The Future Now: 10 African Artists to Watch

Art News

“I have oftentimes said that the future belongs to Africa, because it seems to have happened everywhere else already,” curator Okwui Enwezor stated in 2015, in one of many interviews on a subject he knows well. With such sentiment in mind, ARTnews looks to ten African artists whose work resonates right now. Their art ranges from films and sound installations to photographs and digital works. Some are interested in mining complex histories while others imagine new futures for the African continent—and the entire world.
 

Lebohang Kganye
Born in 1990, Katlehong, South Africa; based in Johannesburg, South Africa

Lebohang Kganye embarked on “Ke Lefa Laka,” a multipart photo project, when her mother died. (The title translates from Sotho as “My Inheritance.”) In one part of the series, the artist superimposed her own image on top of her mother’s, creating what seem to be specters haunting the present from the past.
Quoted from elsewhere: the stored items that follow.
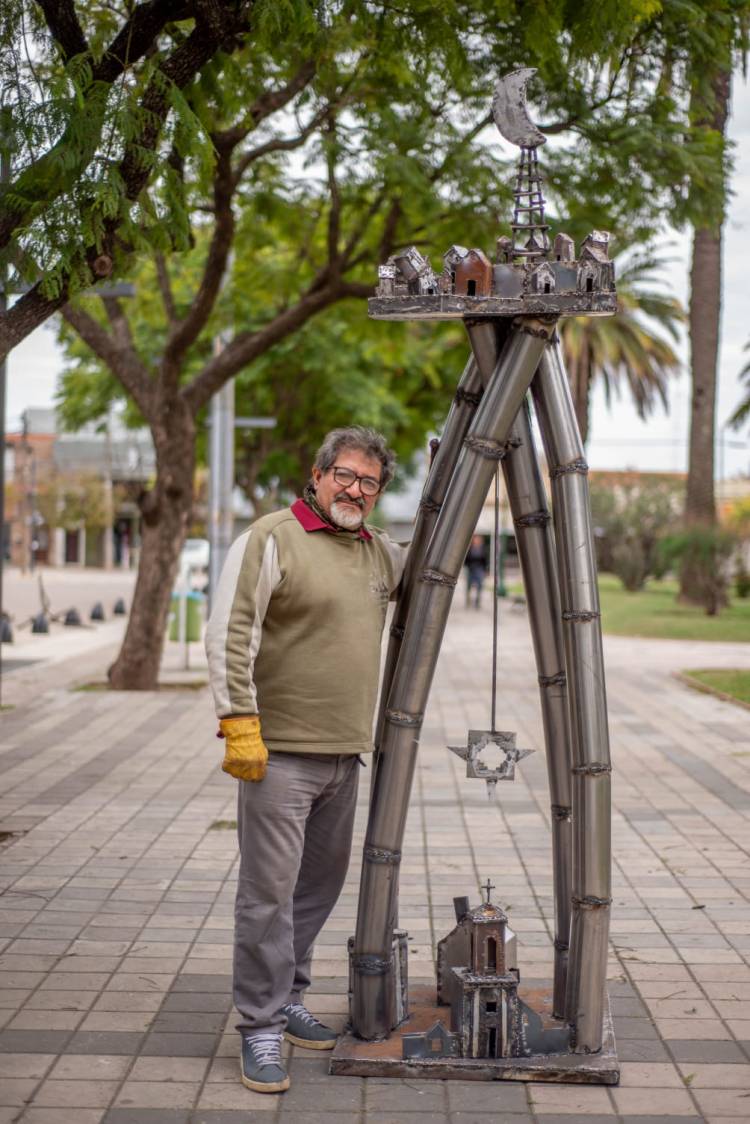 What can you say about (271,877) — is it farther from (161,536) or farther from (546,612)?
(161,536)

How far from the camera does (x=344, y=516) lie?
4359mm

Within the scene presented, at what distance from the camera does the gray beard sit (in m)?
4.36

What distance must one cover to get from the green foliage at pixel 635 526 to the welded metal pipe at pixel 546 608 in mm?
36170

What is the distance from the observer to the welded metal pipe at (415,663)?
4371mm

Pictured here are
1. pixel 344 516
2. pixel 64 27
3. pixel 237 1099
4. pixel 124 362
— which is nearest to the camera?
pixel 237 1099

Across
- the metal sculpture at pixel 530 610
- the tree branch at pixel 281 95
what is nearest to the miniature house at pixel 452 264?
the metal sculpture at pixel 530 610

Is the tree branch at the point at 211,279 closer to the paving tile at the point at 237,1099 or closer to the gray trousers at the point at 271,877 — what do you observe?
the gray trousers at the point at 271,877

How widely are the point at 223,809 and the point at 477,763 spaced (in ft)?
14.8

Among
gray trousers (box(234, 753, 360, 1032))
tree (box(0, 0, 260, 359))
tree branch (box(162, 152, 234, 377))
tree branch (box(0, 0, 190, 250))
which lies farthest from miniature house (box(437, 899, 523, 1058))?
tree branch (box(162, 152, 234, 377))

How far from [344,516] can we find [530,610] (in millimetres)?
677

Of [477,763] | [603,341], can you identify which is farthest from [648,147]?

Kganye said she hoped to summon her mother in a manner in which “she is me, I am her, and there remains in this commonality so much difference.”

Kganye attributed “Ke Lefa Laka” partly to the fallout of apartheid—how her family had to settle and resettle over the years—and also how images can be manipulated to tell new stories. Other of her photographs and films have combined personal stories with political events in South Africa. Her most recent work involves animations in which cutout versions of old photos move around. In one, a woman irons fabric while a train chugs past. With the woman’s face removed, viewers are left to fill in the details. “A family identity,” Kganye said, “becomes an orchestrated fiction and a collective invention.”